> _Task item_:
When you return the data, keep every line exactly as it is and leave out the pictures.

> _Recorded data_:
⟨

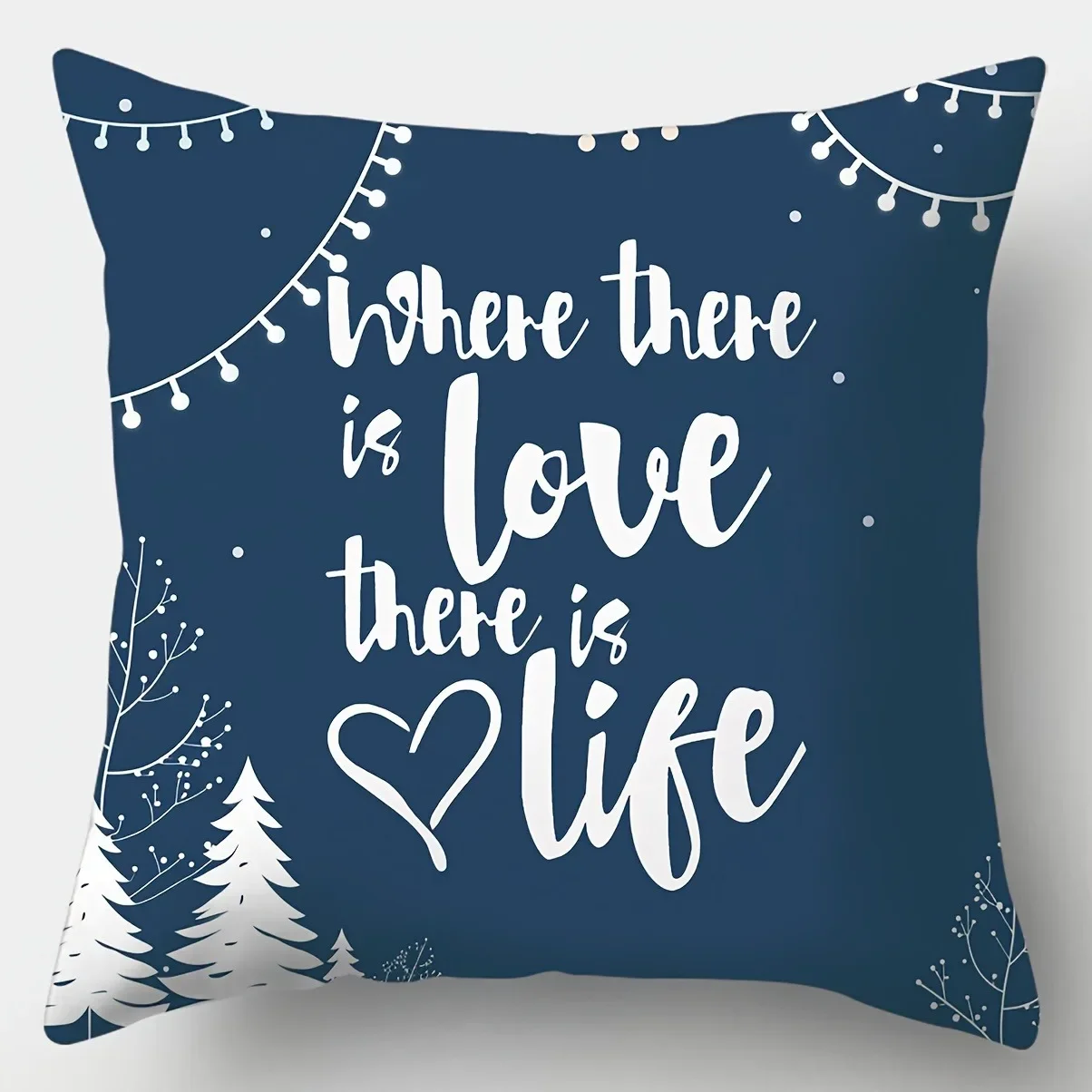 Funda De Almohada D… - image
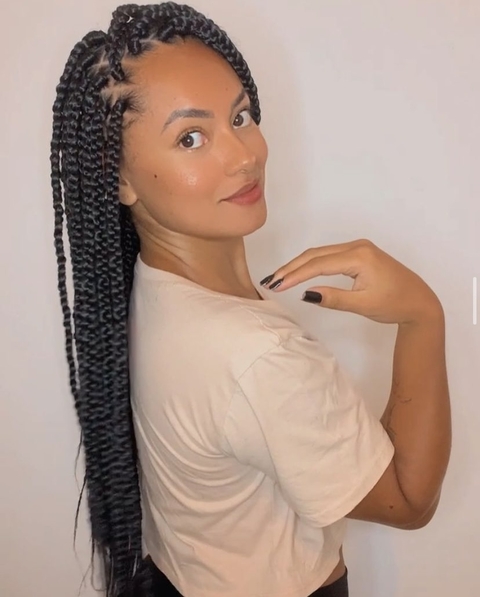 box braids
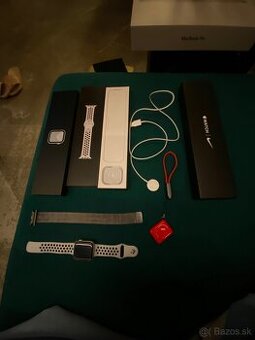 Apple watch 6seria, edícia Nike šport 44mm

⟩

> _Exercise response_:
 Funda De Almohada D… - image
 box braids
 Apple watch 6seria, edícia Nike šport 44mm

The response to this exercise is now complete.